Boredom gets a bad rap. Kids whine about it, grown-ups dread it, entire industries aim to eliminate it. It might come as a surprise, then, to hear that being bored sometimes is good for kids. Before you sign your child up for a class or hand over your game-loaded cell phone, consider the benefits of boredom.
Being present. Boredom can help kids be present and aware of the world around them. One of the delightful things about young children is their curiosity and fascination with the things we adults take for granted: the colors of a moth on the window, the noises of a recycling truck, the way old snow crunches under your feet. Making those discoveries is how children learn.
Even though they don’t realize it, kids need us to make the space for them to be drawn in by the world around them. If we never let them get bored, they never discover how interesting the world really is. Because their attention, self-control and other executive functioning skills are not fully developed, it’s even harder for kids to resist distractions and new things than it is for adults (and let’s face it, it’s not easy for us). If they are constantly occupied by screens, activities or new toys, they don’t get the opportunity to discover.
Taking brain breaks. We are all so busy trying to do everything at once that it’s no surprise stress and anxiety are on the rise, and not just among grown-ups. Kids’ brains need stimulation, but they need downtime, too. Fortunately, many schools and families are involving kids in mindfulness activities, which can help children and adults quiet their minds and feel calm. But there’s also something to be said for good, old-fashioned staring off into space. There is some evidence that daydreaming is associated with better cognitive skills and the ability “to think beyond our immediate surroundings.”
It can be hard to leave space for downtime, so some families find it helpful to schedule it (as funny as that sounds). You can make sure that your kids have a couple afternoons or evenings per week when they don’t have an organized activity. In our family, we also find it helpful to establish screen-free zones. When we’re in the car and on public transportation, we don’t allow media except for music and podcasts. Do our kids complain about being bored? Sometimes, yes. But they also knew from a young age how to get around their city and appreciate all the interesting people, cultures and surroundings it offers.
Being creative. We often think that “creative” means artsy, but really it’s about coming up with new ideas and solving problems in innovative ways. To develop their creativity muscles, kids need time to think and the motivation to come up with something new. Playing pretend can help children develop social skills and self-control. Thinking outside the box can help them solve the problems that seem small to us, but are huge to them. Our children will need these problem-solving skills now and as they grow up in a rapidly changing world.

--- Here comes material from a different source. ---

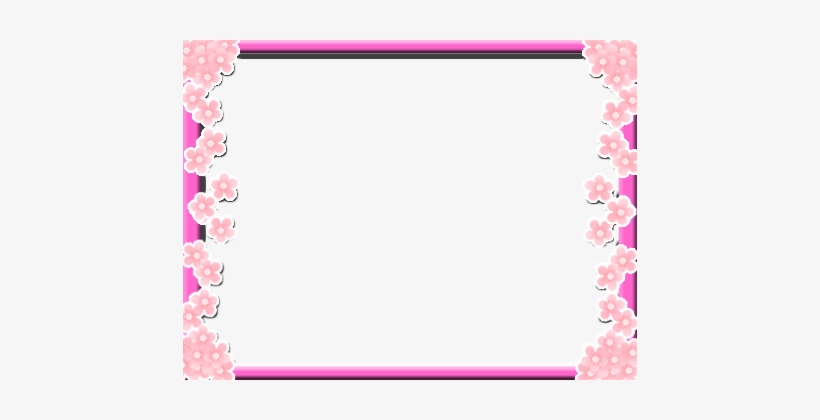 Moldura De Flor - Molduras Para Fotos Flor, transparent png download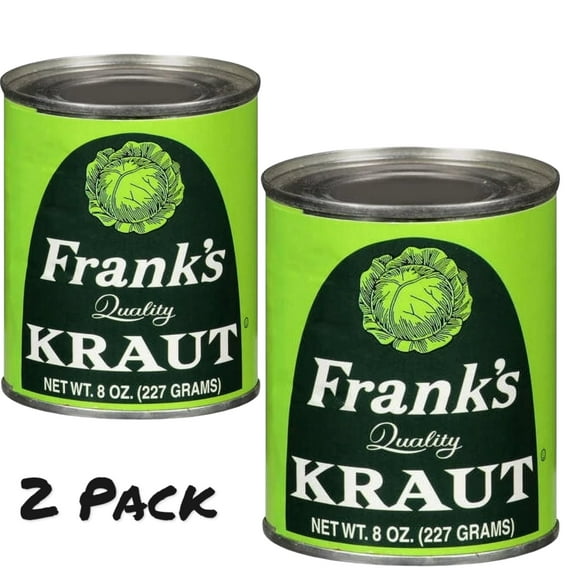 ( 2 Pack ) Frank's Quality Shredded Sauerkraut, 8 oz, Can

But research suggests they might not be getting the chance to develop those habits. A long-term study finds that creativity has been steadily declining among children of all ages over the past 30 years. The researchers think it has to do with the way we’re raising our kids, both at home and in school. If we’re constantly filling their schedules and their brains, they’ll have no need to imagine a story, wonder how things work, or construct a fort with pillows and blankets.

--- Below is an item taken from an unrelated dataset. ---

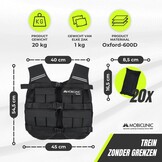 Verzwaarde Trainingsvest - 20 kg - Verstelbaar met Korting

A parent recently asked me if she should have a craft or activity set up for her preschooler when she gets home from school. I was touched by her dedication and struck by her good fortune at having the time and resources to do that. But setting up an activity every day is not only unnecessary, but a disservice to children. If you want to lead a project with your child sometimes, that’s wonderful! Do it all the time, though, and your child won’t develop the habit of creating her own ideas and projects.
Fostering independence. Some experts worry that stuffing our children’s schedules full of activities or leaving them to their (electronic) devices is spurring a crisis of dependence, a trend of young people not being able to manage their time or take responsibility for themselves. Some structure is good for children, and activities are great for them to learn new skills and make new friends. But unstructured play helps them develop a different set of important skills and relationships. Creating unstructured time means introducing the possibility of boredom, but also the chance to work through it.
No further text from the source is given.